Here is the part the launch coverage and the twelve-minute hype videos do not lead with. With Fable 5 and Mythos 5, Anthropic mandates 30-day retention on all Mythos-class traffic, on every surface, first- and third-party alike, and the policy applies even where an enterprise previously held a zero-retention agreement. The data is not used for training, human access is logged, and deletion after 30 days is the stated norm. The rationale is genuinely defensible: attacks like best-of-N jailbreaking only become visible across many requests, and you cannot detect a campaign you refuse to remember.

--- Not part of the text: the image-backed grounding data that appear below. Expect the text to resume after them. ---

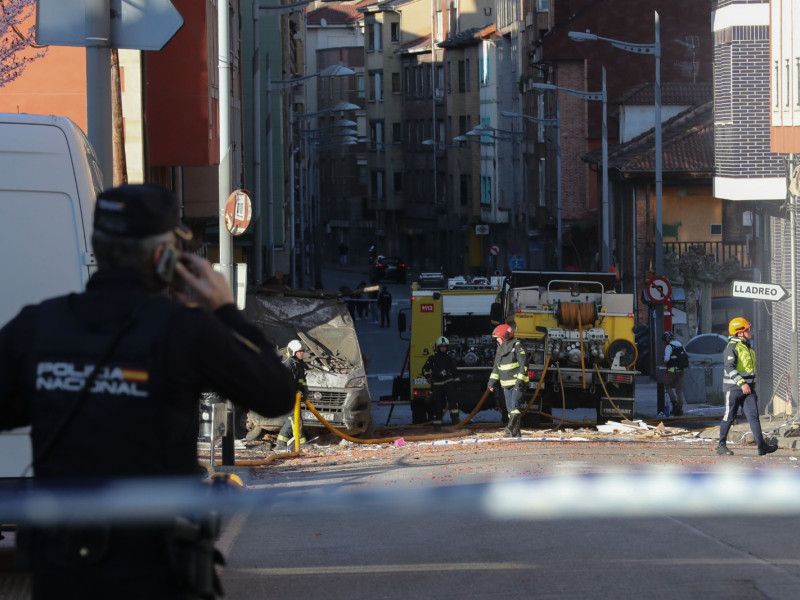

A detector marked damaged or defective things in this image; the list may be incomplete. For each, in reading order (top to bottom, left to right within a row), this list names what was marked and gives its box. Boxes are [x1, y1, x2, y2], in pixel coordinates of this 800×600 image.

destroyed car [239, 288, 374, 436]
burned vehicle [239, 290, 374, 436]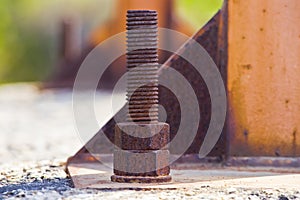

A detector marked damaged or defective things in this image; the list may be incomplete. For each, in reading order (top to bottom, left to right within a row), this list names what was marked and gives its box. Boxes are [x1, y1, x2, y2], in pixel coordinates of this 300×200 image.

rusted metal surface [110, 10, 171, 183]
rusty bolt [110, 10, 171, 184]
vertical rusty post [110, 10, 172, 183]
rusted metal surface [227, 0, 300, 156]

Defensible is not the same as free. If you serve clients under contracts that promise zero retention, or you operate in a regulated setting where your processor terms say prompts are not stored, then Fable 5 is off your menu regardless of what the benchmarks say, and so is every "99% cheaper" frontier alternative whose endpoints fail the same test. We verified that last part ourselves this week and could not reach a single no-retention route to the cheapest new competitor either. The sovereignty gap between what frontier models can do and what regulated workloads are allowed to touch widened this week, on both ends of the price range. Our hedge, unchanged: a local, self-hosted tier for the workloads where the prompts must never leave the building.

§6What builders will get wrong

Three predictable mistakes. First, making it the default model: at double the price and slower turns, undirected Fable 5 is an expensive way to do work Opus does in half the time. Second, keeping the old micro-step prompting style, which buys the premium and then refuses the product. Third, and worst, wiring client workloads into it without reading the retention page, then discovering the data-processing agreement they signed says something their new model provider no longer honours.

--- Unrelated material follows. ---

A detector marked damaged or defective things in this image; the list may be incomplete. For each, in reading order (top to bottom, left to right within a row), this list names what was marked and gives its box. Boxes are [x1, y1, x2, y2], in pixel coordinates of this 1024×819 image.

The stealable step for this week: while it still costs nothing extra on a subscription, point Fable 5 at the hardest unsolved item in your backlog, as a goal with success criteria and a verifier loop, and judge it on that. And before 23 June, read your own processing agreements next to the retention policy. The capability question answers itself in an afternoon. The contractual one is the one that bites in month three. Which of your workloads could you actually move?


Methodology note. This is an aggregation piece with first-party data. Launch facts, pricing and the retention policy were verified against Anthropic's announcement, platform documentation and support pages on 10 June 2026. The A/B figures are from our own smoke tests run through our model router on 9–10 June: one code task (12 hidden assertions) and one agentic tool loop, vs Opus 4.7 and vs Opus 4.8, with the Opus 4.8 agentic failure reproduced across three runs at temperature 0. We label this a smoke test rather than dressing it up as a benchmark suite. The community-tips section synthesises Anthropic's official prompting guide plus early third-party setup write-ups; where guidance was hype rather than mechanism, we cut it.